# 7 week old kitten GROWLS at meal times



## nicki2202 (Jul 10, 2008)

Hi again people
Poppys 7 week old baby has only just started eating solids in the last week, I havenoticed yesterday and today that when I put the food down both mum & baby go for it. The kitten swipes at mum to get her away then he hisses and growls and mum sits back until he has eaten what he wants then she eats the rest.....Is this normal behaviour?


----------



## rottiesloveragdolls (Nov 2, 2007)

*yes it is normal for kittens to do this,  their just making sure their going to get the food as cats/kittens will step back when others start making noises and could be a dominance thing *


----------



## Sungold-Bengals (Mar 10, 2008)

Yes this is normal, my dainty little snow who is the smallest of the bunch is very domineering at meal times! 

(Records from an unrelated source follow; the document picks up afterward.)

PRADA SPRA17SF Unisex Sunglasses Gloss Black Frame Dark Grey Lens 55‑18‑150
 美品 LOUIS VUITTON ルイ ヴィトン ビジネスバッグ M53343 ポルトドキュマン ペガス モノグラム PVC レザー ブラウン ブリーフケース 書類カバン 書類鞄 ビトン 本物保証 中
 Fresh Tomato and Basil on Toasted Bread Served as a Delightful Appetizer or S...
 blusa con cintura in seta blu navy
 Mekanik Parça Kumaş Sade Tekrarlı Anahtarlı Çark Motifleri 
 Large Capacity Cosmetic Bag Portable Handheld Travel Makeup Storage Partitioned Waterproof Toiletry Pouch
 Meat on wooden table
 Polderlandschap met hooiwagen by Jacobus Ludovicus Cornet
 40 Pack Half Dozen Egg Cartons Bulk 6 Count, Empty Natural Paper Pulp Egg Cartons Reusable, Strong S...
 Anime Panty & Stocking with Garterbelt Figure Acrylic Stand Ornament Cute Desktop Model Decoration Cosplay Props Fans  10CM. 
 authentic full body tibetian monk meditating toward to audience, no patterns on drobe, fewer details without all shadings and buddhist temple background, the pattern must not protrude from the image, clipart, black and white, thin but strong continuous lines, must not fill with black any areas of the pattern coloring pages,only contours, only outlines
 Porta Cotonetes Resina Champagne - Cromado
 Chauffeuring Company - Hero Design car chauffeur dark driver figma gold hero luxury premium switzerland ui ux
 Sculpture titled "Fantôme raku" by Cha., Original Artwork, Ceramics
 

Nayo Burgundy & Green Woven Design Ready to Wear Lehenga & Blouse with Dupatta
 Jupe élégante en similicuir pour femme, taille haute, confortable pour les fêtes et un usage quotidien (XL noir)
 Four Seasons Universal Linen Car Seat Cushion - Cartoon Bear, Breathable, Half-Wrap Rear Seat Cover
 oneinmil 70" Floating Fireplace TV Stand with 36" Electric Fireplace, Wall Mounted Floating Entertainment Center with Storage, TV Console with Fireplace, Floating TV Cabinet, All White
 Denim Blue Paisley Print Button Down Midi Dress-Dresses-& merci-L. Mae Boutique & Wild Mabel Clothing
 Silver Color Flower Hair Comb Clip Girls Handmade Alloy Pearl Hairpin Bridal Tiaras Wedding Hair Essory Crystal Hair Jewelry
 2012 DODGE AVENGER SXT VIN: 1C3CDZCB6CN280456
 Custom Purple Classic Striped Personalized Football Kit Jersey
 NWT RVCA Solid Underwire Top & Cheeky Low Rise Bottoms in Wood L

They don't so much growl as make a singing noise - it's probably growling with a mouth full!


----------



## Selk67U2 (May 5, 2008)

*Haha, yes, perfectly normal kitten behaviour *


----------



## LousKoonz (Feb 9, 2008)

Very normal lol xx one of our little bundles growls at his bro's and sis at meal times too xx


----------



## bee112 (Apr 12, 2008)

Alfie is 8 months old now and still growls if Lola dares go near him when he's eating.. he's VERY possesive when it comes to food. Lola just ignores him now lol


----------



## nicki2202 (Jul 10, 2008)

Thanx all....very grateful for your advice.....i'm glad this is the norm, I was worrying he was turning vicious. It is only at feeding time he does it, he is sooo loving at all other times. He has been so spoiled too as he was an only kitty


----------



## Siamese Kelly (Jan 6, 2008)

Nicki love,the time to start worrying is if she dons an sas outfit before each meal with a truncheon in each pawya do think how can that grumble/growl be coming from such a small creature


----------



## lizward (Feb 29, 2008)

They will make this noise as young as four weeks if they are eating well. I find it quite hilarious 

Liz


----------



## nicki2202 (Jul 10, 2008)

Yes it is quite funny now that I know its norm...he doesnt need to growl today...mum sits back and lets him eat first lol. They did have seperate bowls but mum wanted to eat out his too


----------



## sskmick (Feb 4, 2008)

One of my kittens growls when he is eating, even if the other kitten or our dog isn't around.

They all have separate feeding bowls but like to eat from each others. I only interfere if one appears to be getting pushed out. Occasionally that's been the dog.

Sue


----------



## marianne (Aug 12, 2008)

Wow! What beautiful kitties you have! I hope my Milo will be as handsome as your boys!


----------